====== Task data

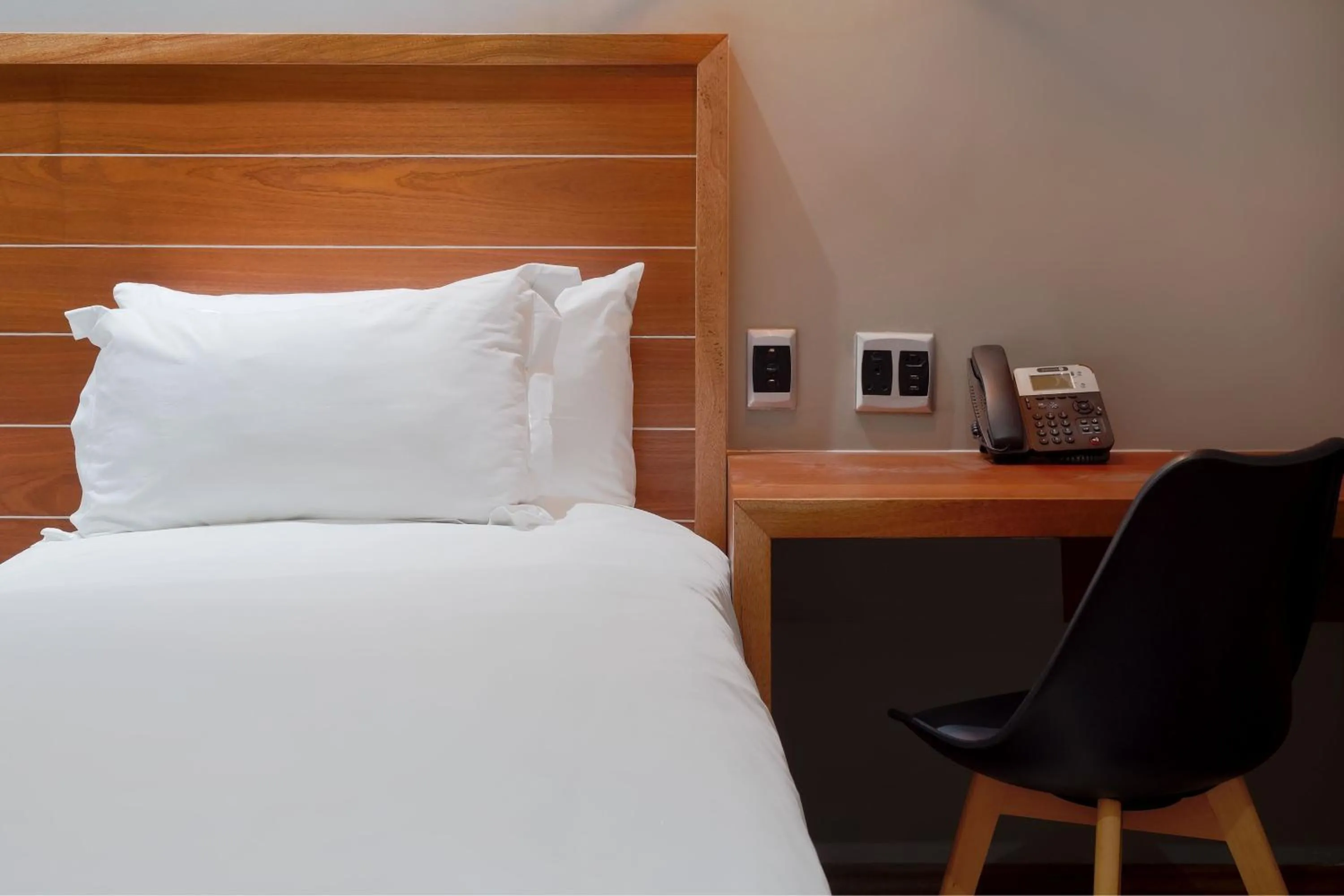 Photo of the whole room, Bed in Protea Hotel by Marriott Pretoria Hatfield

============
====== Task data

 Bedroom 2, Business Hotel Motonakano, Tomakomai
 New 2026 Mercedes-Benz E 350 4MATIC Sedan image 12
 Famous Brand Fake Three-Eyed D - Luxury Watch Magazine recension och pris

============

Required work: From the listing above, return the lines starting at the one with "Bedroom 2, Business" and ending at the one with "Famous Brand Fake", both kept, exactly as they appear and nothing more.

Task response:
 Bedroom 2, Business Hotel Motonakano, Tomakomai
 New 2026 Mercedes-Benz E 350 4MATIC Sedan image 12
 Famous Brand Fake Three-Eyed D - Luxury Watch Magazine recension och pris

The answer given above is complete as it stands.